Everyone is different, so I wouldn't be surprised if someone disagrees, but like I said, after doing this for 15 years, this is what I have found to work for me.
As you said, cardio first thing in the morning is best, but if you have to do it all during a lifting session, lifting then cario is the way to go. The reason is two-fold. First you get to use your glycogen stores to lift heavier weights, and then once that is depleted with the weight training, your body goes straight to burning fat without having to bur through the glycogen first when you start cardio.
To do it the other way around your body will take longer to get into the fat-burning zone, thus less fat will be processed as fuel, and you'll then have nothing in your muscles to push the weight up with.

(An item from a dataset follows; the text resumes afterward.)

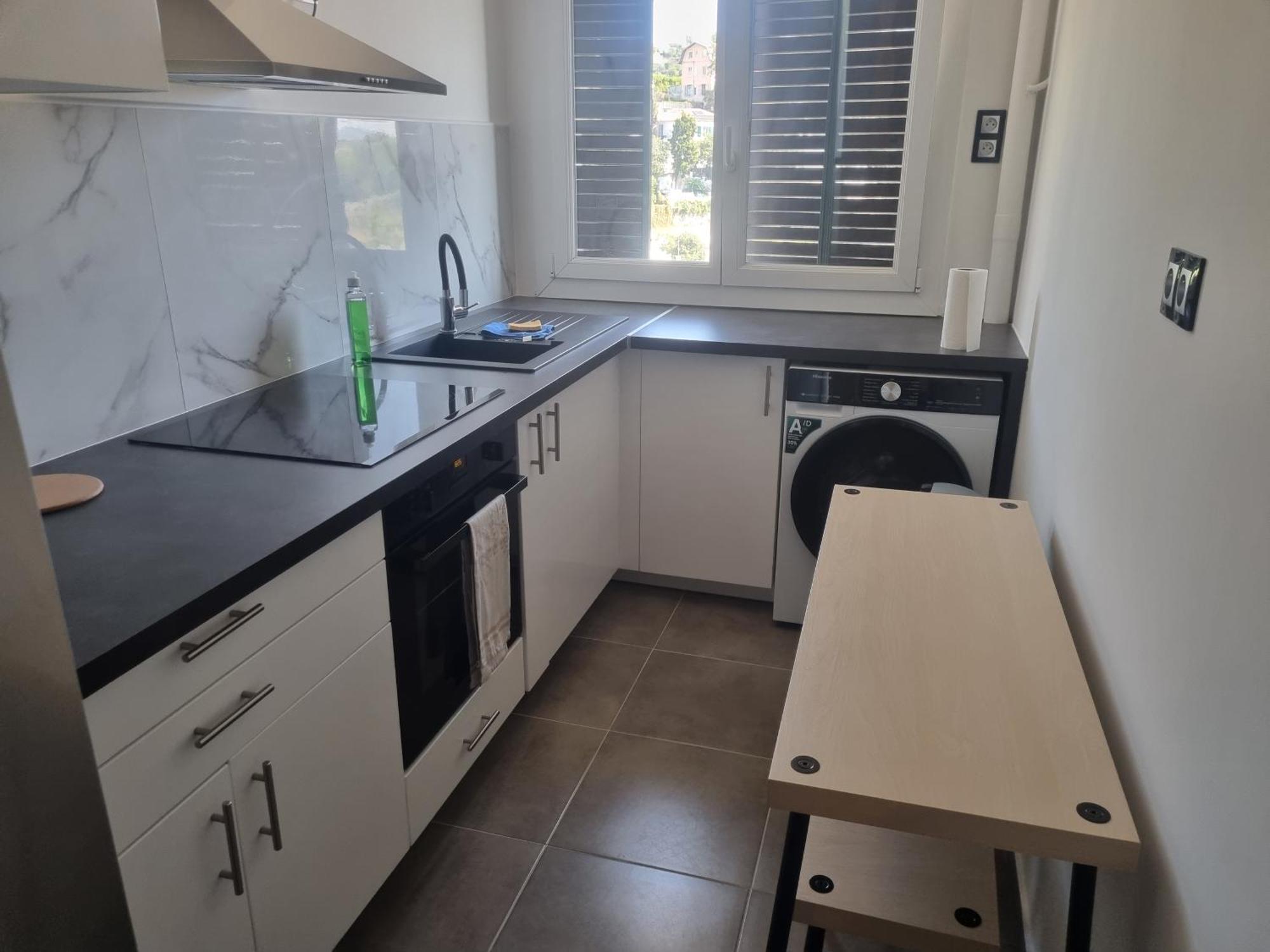 Chambre Privative Renove 2024, Climatisation, Tramway Sur Place , 12 Min Centre, 16 Min Plage, Apercu Lateral Mer, 2 Wc Avec 2 Salle De Bain, Private Room Renovated 2024, Air-Conditioned , Tram On Spot, 2 Toilets And 2 Bathrooms Nice Exterior photo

As for the OP's question about an empty stomach, I usually don't eat for at least an hour before I lift, but that's not to say that I have an empty stomach when I hit the gym. The goal is to have fuel for your muscles all day long, as if you truly have an empty stomach your body will go into starvation mode, your body will then store fat for the percieved long-term famine, and use muscle for energy.
All the times I have successfully dieted without adversely affecting strength I was never hungry. If you do it right your body will have ample nutrition, and still turn to fat for energy when requested. It may not be as quick as a fad diet, but it's alot healthier, and usually the progress is more long-term.